Agentic Code Intelligence via Model Context Protocol
Nucleus is an MCP (Model Context Protocol) server that provides AI agents with deep, semantic understanding of codebases. It combines semantic search, keyword matching, and code structure analysis to answer both conceptual queries ("Where is the auth logic?") and precise navigation ("Who calls verify_token?").
- Hybrid Search: Semantic concept matching, exact keyword search, and structural analysis (who calls whom)
- Incremental Indexing: Only changed files are re-indexed
- Multi-Language Support: Rust, Python, TypeScript, C, C++, C#, Dart, Go, Java, Lua, and YARA
- Local-First: All data stored in
.nucleus/within your project — no external services required - Cognitive Memory: Agents persist learnings across sessions
- GPU Accelerated: Supports CUDA, DirectML, OpenVINO, and Metal (macOS)
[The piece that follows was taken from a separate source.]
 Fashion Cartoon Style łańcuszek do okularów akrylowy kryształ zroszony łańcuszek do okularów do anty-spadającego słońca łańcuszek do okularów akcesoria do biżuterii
- Download the latest release ZIP for your platform from the Releases page.
- Unpack the ZIP to your desired install location, e.g.:
# Windows example
Expand-Archive -Path nucleus-server_win64.zip -DestinationPath "C:\Tools\nucleus"macOS and Linux: Coming soon.
Run the setup script to install the inference runtime libraries into the same directory as the binary:
DirectML (Windows — works with any GPU)
powershell -ExecutionPolicy Bypass -File scripts/setup-gpu.ps1 directml -OutputDir "C:\Tools\nucleus"NVIDIA CUDA
# Requires CUDA Toolkit 11.8+ and cuDNN 8.x
powershell -ExecutionPolicy Bypass -File scripts/setup-gpu.ps1 cuda -OutputDir "C:\Tools\nucleus"Intel OpenVINO
# For Intel CPUs, integrated/discrete GPUs (Arc), and NPUs
powershell -ExecutionPolicy Bypass -File scripts/setup-gpu.ps1 openvino -OutputDir "C:\Tools\nucleus"Supported Intel hardware:
- CPU — Any Intel CPU (Core, Xeon)
- iGPU — Integrated graphics (11th gen+)
- dGPU — Discrete GPUs (Intel Arc A-series)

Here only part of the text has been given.